An n-by-h matrix of n observations on h predictor variables.


An n-by-1 vector of responses.


A grouping variable indicating to which of m groups each observation belongs. GROUP can be a categorical variable, a numeric vector, a character matrix with rows for group names, a string array, or a cell array of character vectors.


An m-by-g matrix of g group-specific predictor variables for each of the m groups in the data. These are predictor values that take on the same value for all observations in a group. Rows of V are ordered according to GRP2IDX(GROUP). Use an m-by-g cell array for V if any of the group-specific predictor values vary in size across groups. Specify [] for V if there are no group predictors.


A handle to a function that accepts predictor values and model parameters, and returns fitted values.
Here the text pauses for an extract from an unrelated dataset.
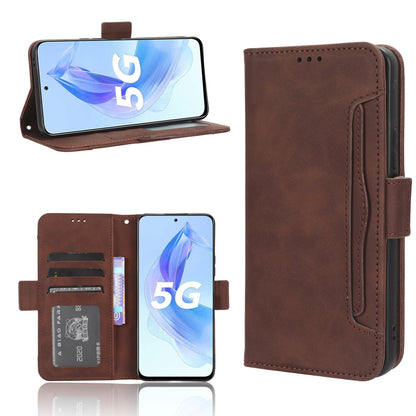 Honor X50i Skin Feel PU Leather Wallet Phone Case with Card Slots, Cash Pocket, Magnetic Closure, Built-In Stand, Full Protection TPU Cover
MODELFUN has the form YFIT = MODELFUN(PHI,XFUN,VFUN) with input arguments

  • PHI — A 1-by-p vector of model parameters.

  • XFUN — An l-by-h array of predictor variables where

    • l is 1 if XFUN is a single row of X

    • l is ni if XFUN contains the rows of X for a single group of size ni

    • l is n if XFUN contains all rows of X.

  • VFUN — Either

    • A 1-by-g vector of group-specific predictors for a single group, corresponding to a single row of V

    • An n-by-g matrix, where the k-th row of VFUN is V(i,:) if the k-th observation is in group i.

    If V is empty, nlmefitsa calls MODELFUN with only two inputs.

MODELFUN returns an l-by-1 vector of fitted values YFIT. When either PHI or VFUN contains a single row, that one row corresponds to all rows in the other two input arguments. For improved performance, use the 'Vectorization' parameter name/value pair (described below) if MODELFUN can compute YFIT for more than one vector of model parameters in one call.


An f-by-1 vector with initial estimates for the f fixed effects. By default, f is equal to the number of model parameters p. BETA0 can also be an f-by-REPS matrix, and the estimation is repeated REPS times using each column of BETA0 as a set of starting values.

Name-Value Arguments

By default, nlmefitsa fits a model where each model parameter is the sum of a corresponding fixed and random effect. Use the following parameter name/value pairs to fit a model with a different number of or dependence on fixed or random effects. Use at most one parameter name with an 'FE' prefix and one parameter name with an 'RE' prefix. Note that some choices change the way nlmefitsa calls MODELFUN, as described further below.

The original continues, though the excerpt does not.